**WHAT THE TASK ASKS:**
Repeat only what runs from the line with "Angry Gran RadioActive" through the last line of the data below, both included, keeping every word as it is and leaving out the pictures.

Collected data
*-*-*

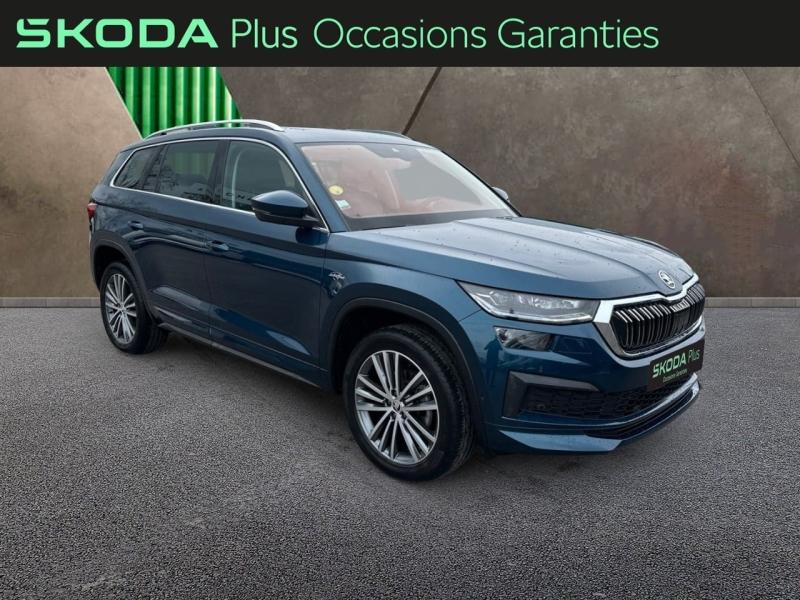 Voitures occasions ŠKODA KODIAQ Laurin & Klement Hazebrouck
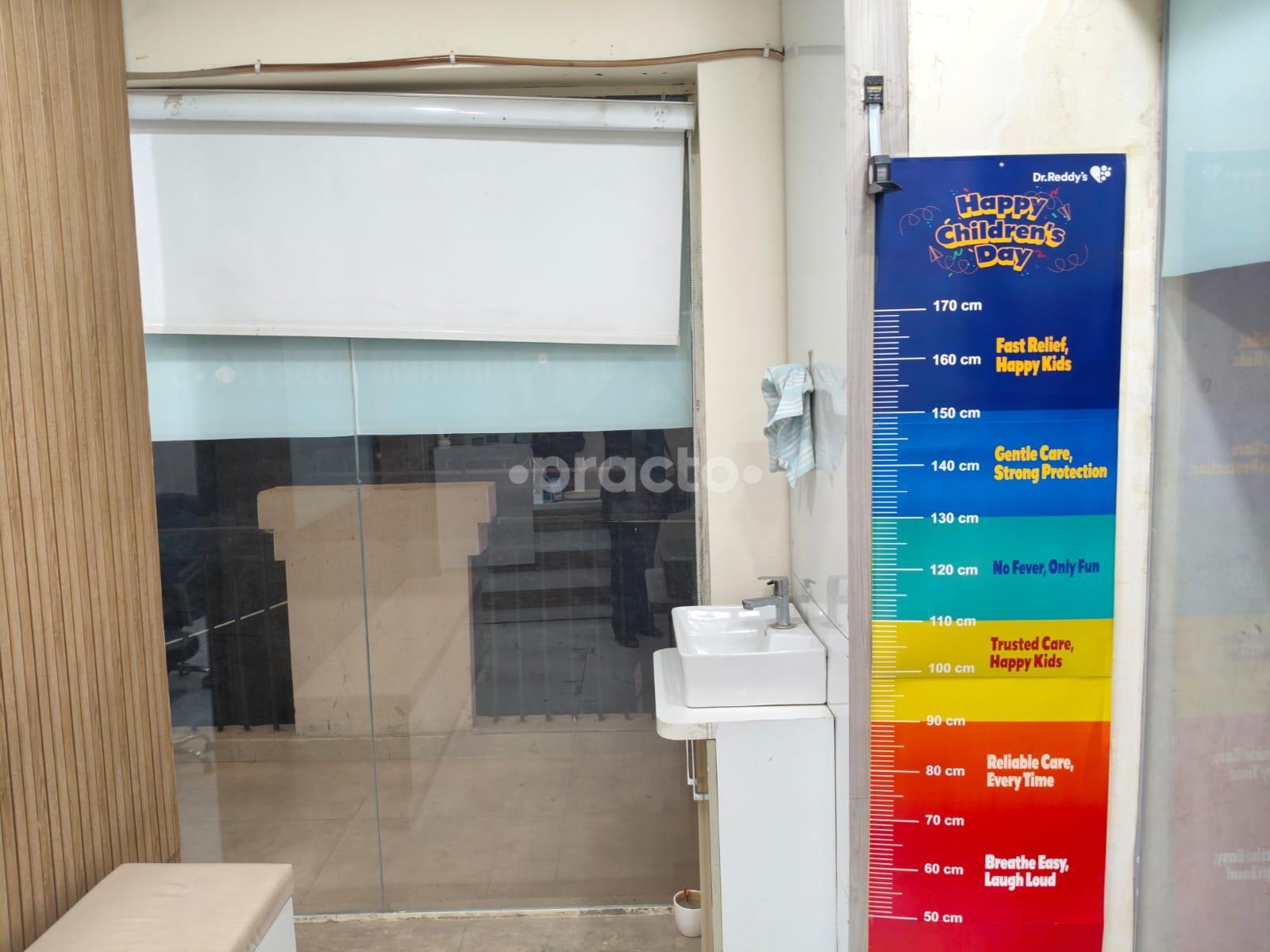 Entrance at Thh Women and Child Care Clinic Greater Noida West Greater Noida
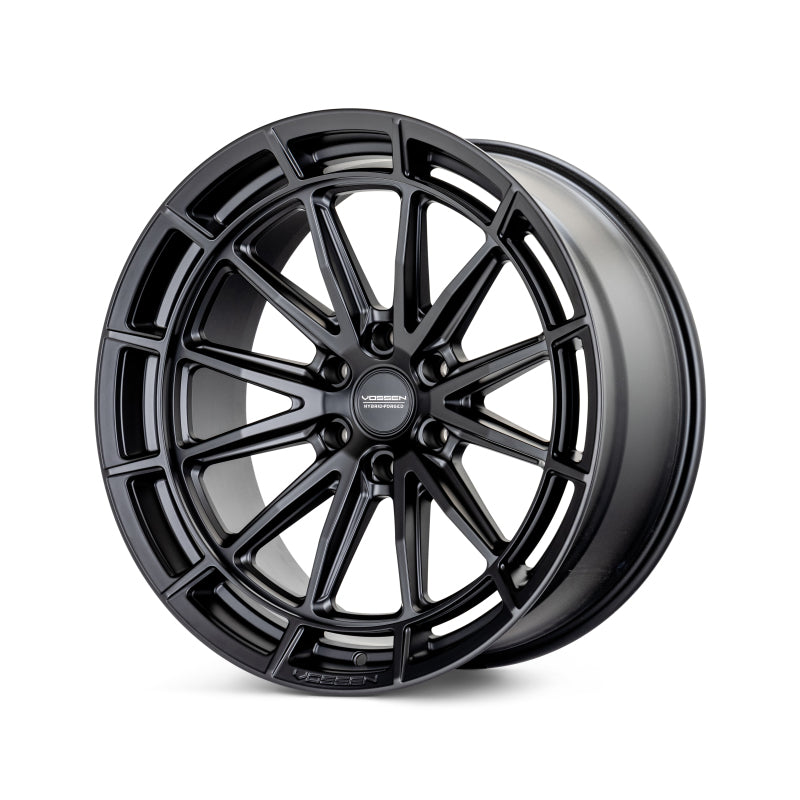 Vossen HFX-5 - 22x10 - 6x135 - ET-18 - Super Deep Face - 87.1 - Satin Black Wheel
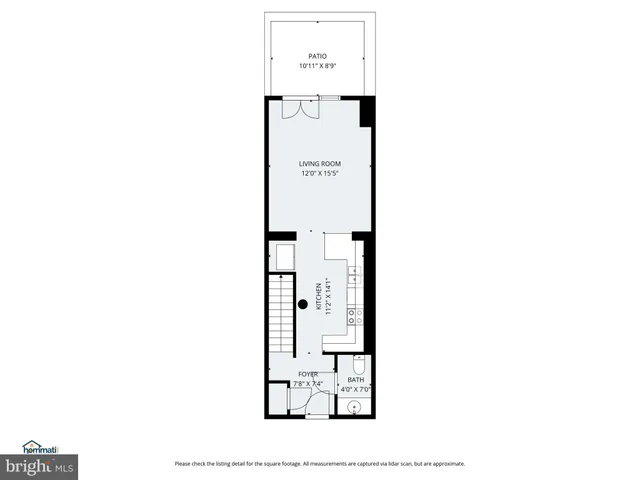 $529,800 | 910 M Street Northwest, Unit 126, Washington, DC 20001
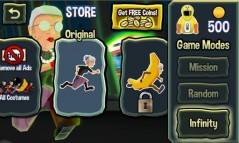 Angry Gran RadioActive Run  gameplay screenshot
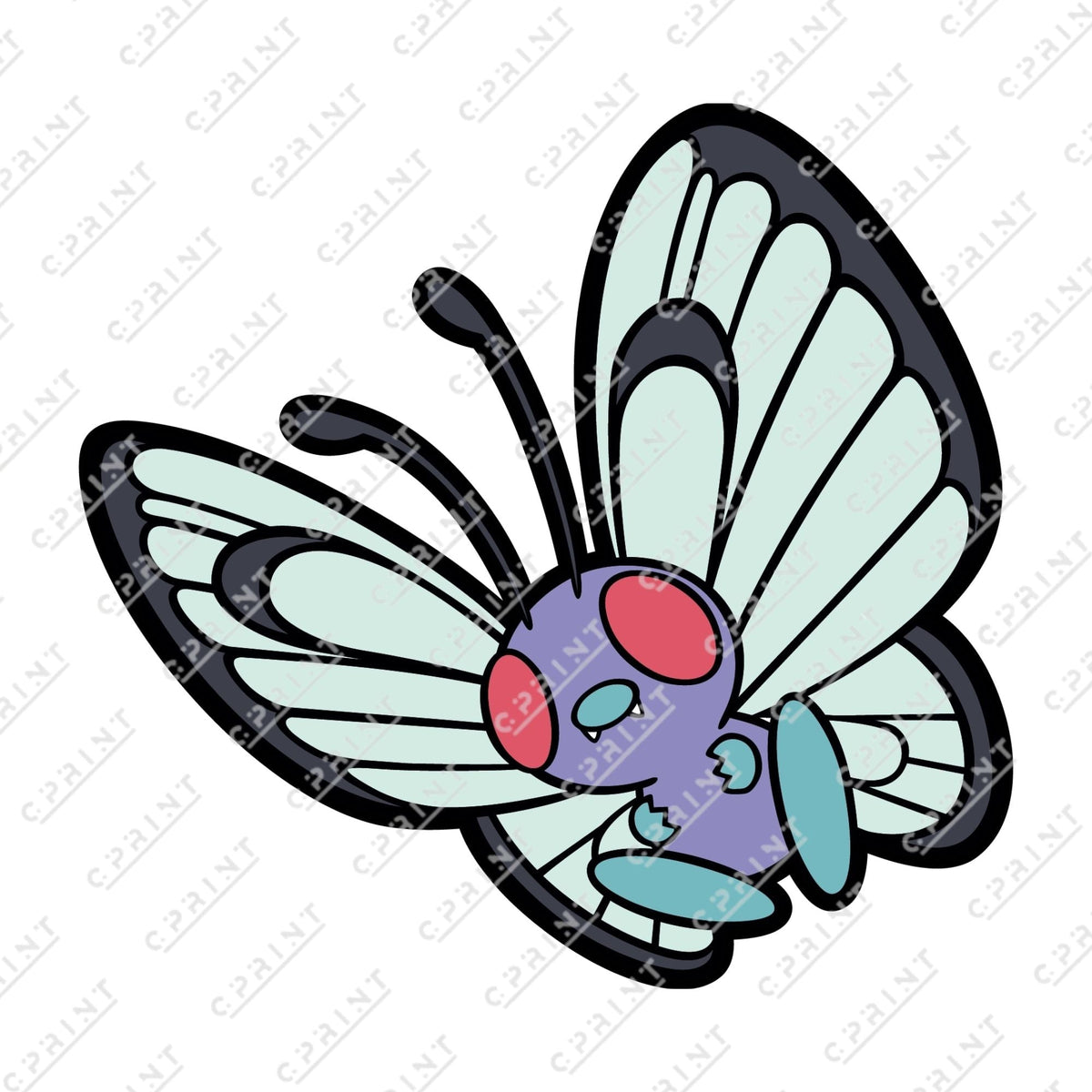 Pokemon Character Cutouts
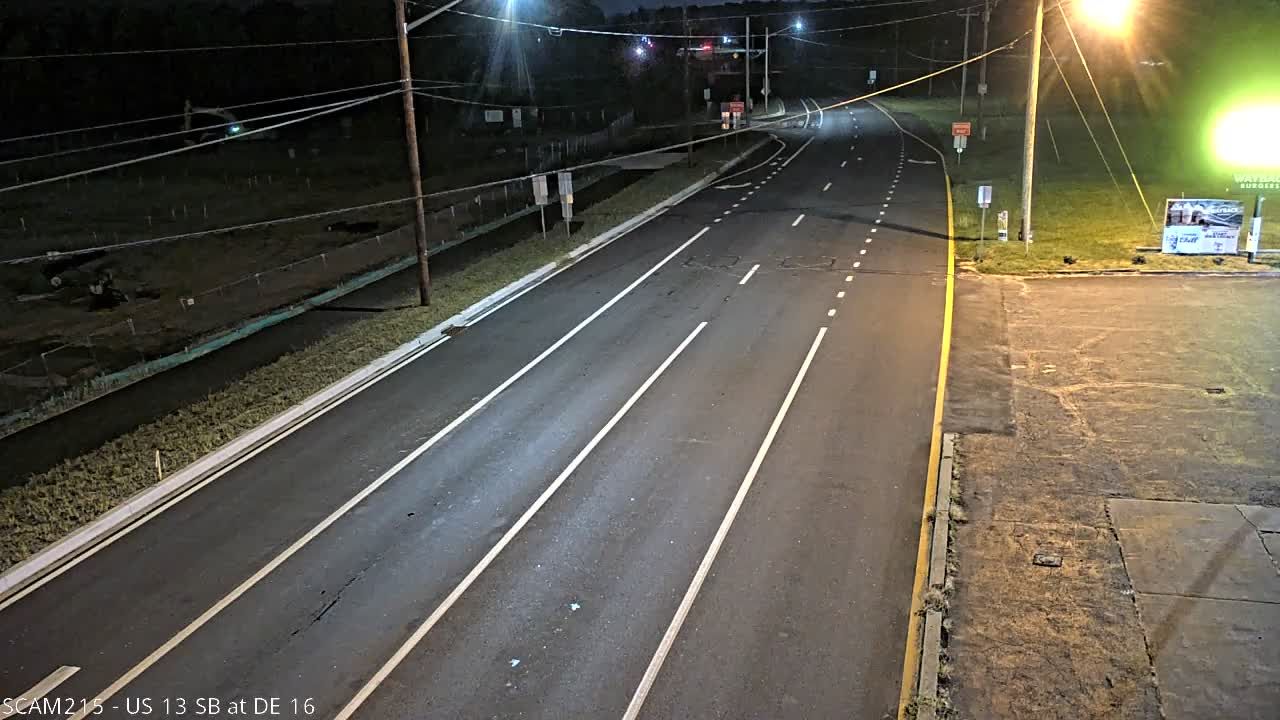Traffic Cam Greenwood: US 13 SB @ SR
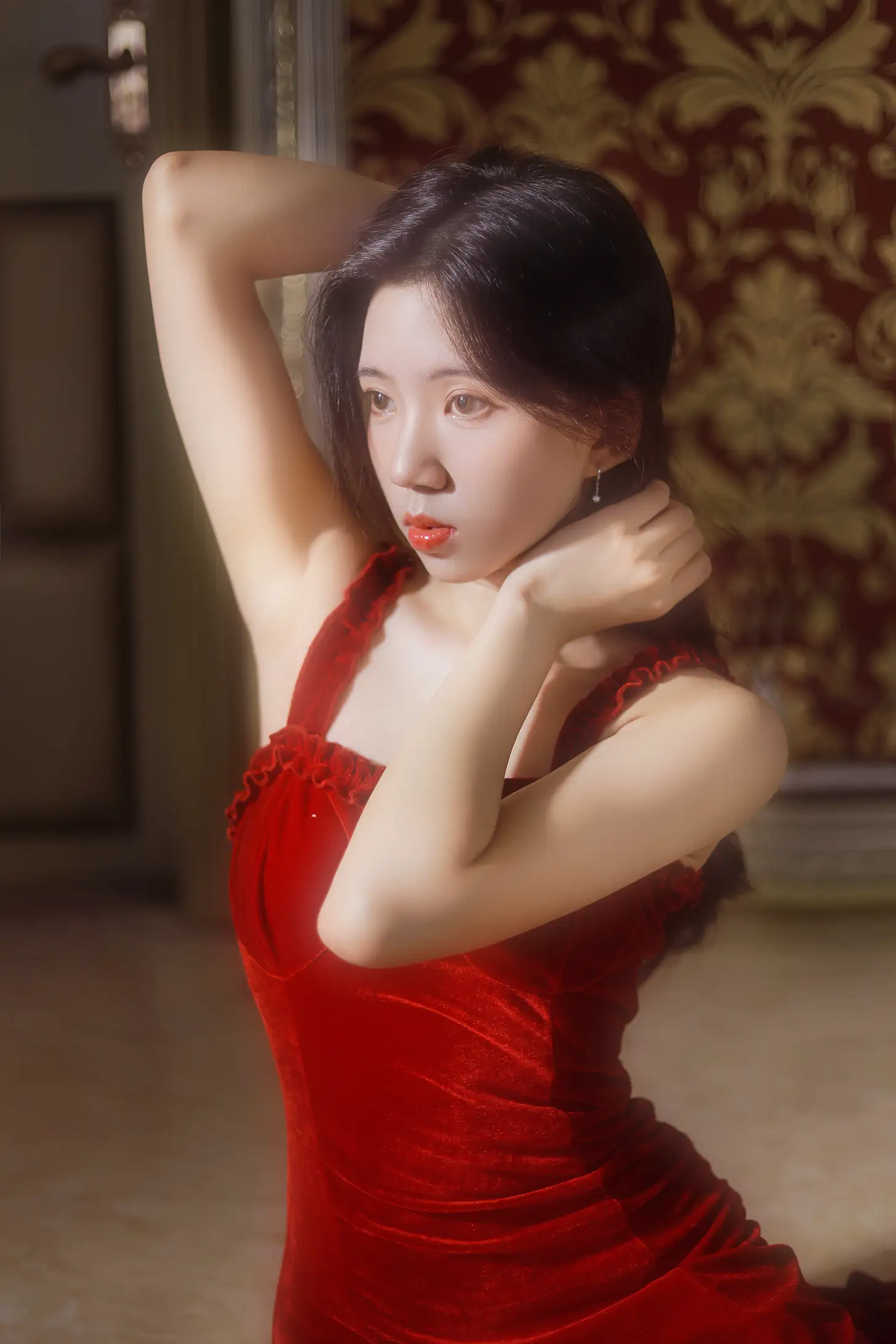 [YITUYU] 2022.09.15 Vol.1955 – Re-engraving Time flower tree#[22P]-2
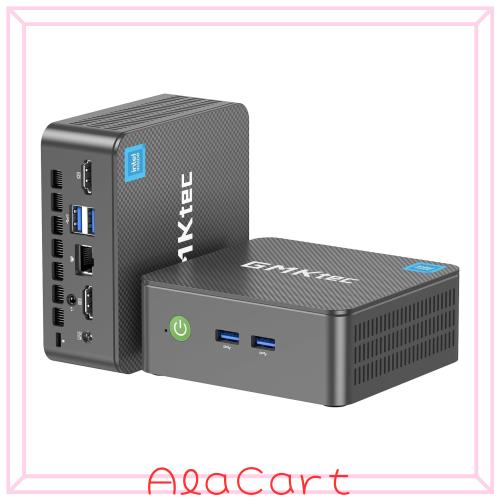 【インテル Core i3 10110U 初登場】GMKtec ミニpc G3 Pro Win11 Pro mini pc 最大4.1GHz WIFI6 BT5.2 小型 M.2 2242 ミニパソコン 2画面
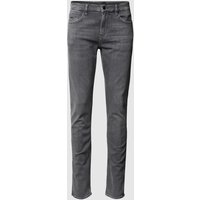 BOSS Jeans im Slim Fit Modell 'Delaware' in Mittelgrau, Größe 38/32 BOSS Jeans im Slim Fit Modell 'Delaware' in Mittelgrau, Größe 38/32 von Boss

*-*-*

**TASK RESULT:**
 Angry Gran RadioActive Run  gameplay screenshot
 Pokemon Character Cutouts
Traffic Cam Greenwood: US 13 SB @ SR
 [YITUYU] 2022.09.15 Vol.1955 – Re-engraving Time flower tree#[22P]-2
 【インテル Core i3 10110U 初登場】GMKtec ミニpc G3 Pro Win11 Pro mini pc 最大4.1GHz WIFI6 BT5.2 小型 M.2 2242 ミニパソコン 2画面
 BOSS Jeans im Slim Fit Modell 'Delaware' in Mittelgrau, Größe 38/32 BOSS Jeans im Slim Fit Modell 'Delaware' in Mittelgrau, Größe 38/32 von Boss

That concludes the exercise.